## What the task asks
In the entries that follow, copy exactly each line from the first through the line with "The beam framing".

## Recorded information
◇ ◇ ◇

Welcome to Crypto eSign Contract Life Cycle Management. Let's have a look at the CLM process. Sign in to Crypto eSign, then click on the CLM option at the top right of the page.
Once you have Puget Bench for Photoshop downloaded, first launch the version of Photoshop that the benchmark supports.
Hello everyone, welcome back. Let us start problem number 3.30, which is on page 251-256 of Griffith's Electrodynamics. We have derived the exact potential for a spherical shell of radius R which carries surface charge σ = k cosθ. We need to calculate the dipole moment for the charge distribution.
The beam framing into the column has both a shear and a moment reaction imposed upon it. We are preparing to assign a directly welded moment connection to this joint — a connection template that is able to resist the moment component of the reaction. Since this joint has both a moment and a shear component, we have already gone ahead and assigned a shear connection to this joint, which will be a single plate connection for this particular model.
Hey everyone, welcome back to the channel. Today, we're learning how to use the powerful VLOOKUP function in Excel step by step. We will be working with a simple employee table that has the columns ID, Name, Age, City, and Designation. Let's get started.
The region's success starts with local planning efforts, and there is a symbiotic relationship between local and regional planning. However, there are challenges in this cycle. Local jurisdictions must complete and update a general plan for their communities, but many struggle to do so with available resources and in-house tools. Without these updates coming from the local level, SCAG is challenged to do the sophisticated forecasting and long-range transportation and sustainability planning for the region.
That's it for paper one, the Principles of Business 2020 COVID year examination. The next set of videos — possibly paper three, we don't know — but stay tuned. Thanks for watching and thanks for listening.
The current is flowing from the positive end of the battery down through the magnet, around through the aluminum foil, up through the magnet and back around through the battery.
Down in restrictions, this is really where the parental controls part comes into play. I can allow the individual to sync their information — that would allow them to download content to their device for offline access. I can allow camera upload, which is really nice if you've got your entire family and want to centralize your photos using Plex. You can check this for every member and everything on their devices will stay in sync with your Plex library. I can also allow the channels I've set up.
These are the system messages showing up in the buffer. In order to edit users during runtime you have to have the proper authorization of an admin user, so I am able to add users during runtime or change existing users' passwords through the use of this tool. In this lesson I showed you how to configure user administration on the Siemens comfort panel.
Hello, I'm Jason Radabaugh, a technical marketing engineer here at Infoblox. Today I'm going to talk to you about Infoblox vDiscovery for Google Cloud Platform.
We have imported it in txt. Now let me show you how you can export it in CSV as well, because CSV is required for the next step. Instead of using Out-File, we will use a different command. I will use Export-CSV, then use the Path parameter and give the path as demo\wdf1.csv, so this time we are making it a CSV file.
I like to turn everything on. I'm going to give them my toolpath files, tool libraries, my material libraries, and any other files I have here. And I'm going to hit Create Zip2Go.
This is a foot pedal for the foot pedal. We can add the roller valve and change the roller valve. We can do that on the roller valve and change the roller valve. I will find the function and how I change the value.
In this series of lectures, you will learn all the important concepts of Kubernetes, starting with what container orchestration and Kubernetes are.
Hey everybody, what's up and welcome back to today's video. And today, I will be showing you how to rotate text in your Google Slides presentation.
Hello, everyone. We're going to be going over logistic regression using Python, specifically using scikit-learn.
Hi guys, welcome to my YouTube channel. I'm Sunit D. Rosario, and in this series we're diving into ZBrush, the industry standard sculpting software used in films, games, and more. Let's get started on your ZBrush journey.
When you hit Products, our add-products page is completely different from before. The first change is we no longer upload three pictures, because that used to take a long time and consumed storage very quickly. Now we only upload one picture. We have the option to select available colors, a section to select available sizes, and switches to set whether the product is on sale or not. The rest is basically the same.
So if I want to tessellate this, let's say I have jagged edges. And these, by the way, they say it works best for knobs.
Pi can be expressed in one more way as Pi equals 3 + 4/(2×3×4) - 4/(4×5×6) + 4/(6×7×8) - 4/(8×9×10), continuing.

◇ ◇ ◇

## Response
Welcome to Crypto eSign Contract Life Cycle Management. Let's have a look at the CLM process. Sign in to Crypto eSign, then click on the CLM option at the top right of the page.
Once you have Puget Bench for Photoshop downloaded, first launch the version of Photoshop that the benchmark supports.
Hello everyone, welcome back. Let us start problem number 3.30, which is on page 251-256 of Griffith's Electrodynamics. We have derived the exact potential for a spherical shell of radius R which carries surface charge σ = k cosθ. We need to calculate the dipole moment for the charge distribution.
The beam framing into the column has both a shear and a moment reaction imposed upon it. We are preparing to assign a directly welded moment connection to this joint — a connection template that is able to resist the moment component of the reaction. Since this joint has both a moment and a shear component, we have already gone ahead and assigned a shear connection to this joint, which will be a single plate connection for this particular model.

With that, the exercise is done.